*Brief*: Everything from the line with "Paul Smith Pencil" down to the line with "Alvina LAPEL BINDING" below must be printed exactly, those two lines included. Exclude pictures.

*Records for the exercise*:
● ● ● ●

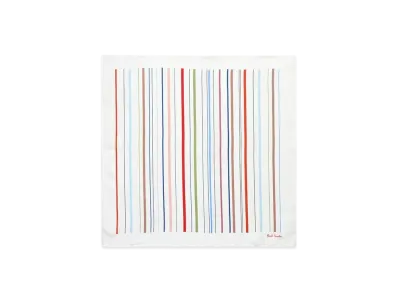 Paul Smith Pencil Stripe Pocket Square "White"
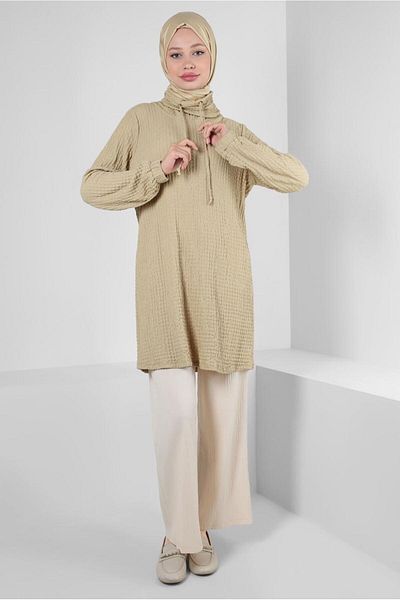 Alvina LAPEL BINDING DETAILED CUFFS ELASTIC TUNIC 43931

● ● ● ●

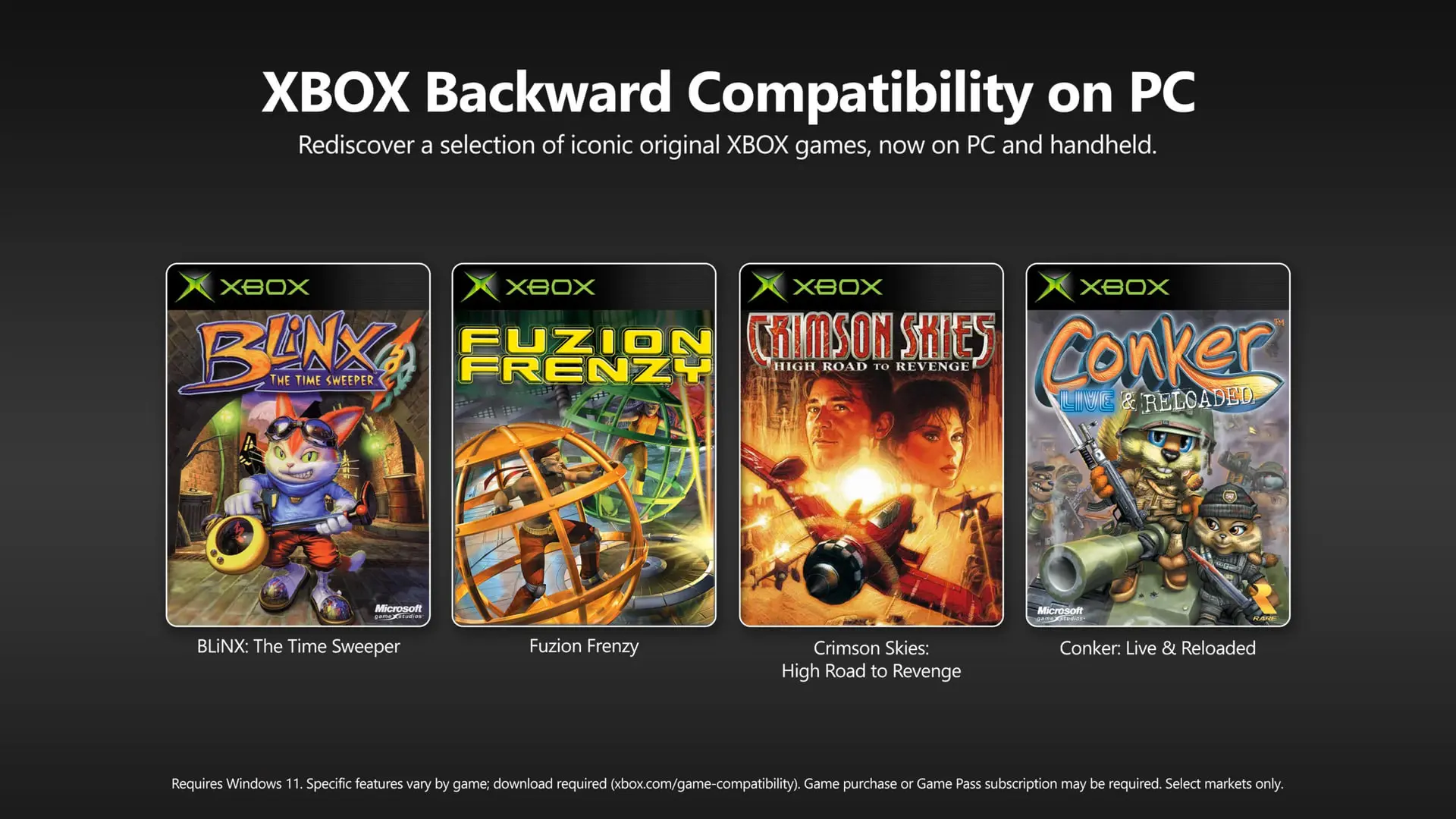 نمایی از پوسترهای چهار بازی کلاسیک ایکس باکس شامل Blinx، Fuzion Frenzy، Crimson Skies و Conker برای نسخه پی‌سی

● ● ● ●

*Reply to the exercise*:
 Paul Smith Pencil Stripe Pocket Square "White"
 Alvina LAPEL BINDING DETAILED CUFFS ELASTIC TUNIC 43931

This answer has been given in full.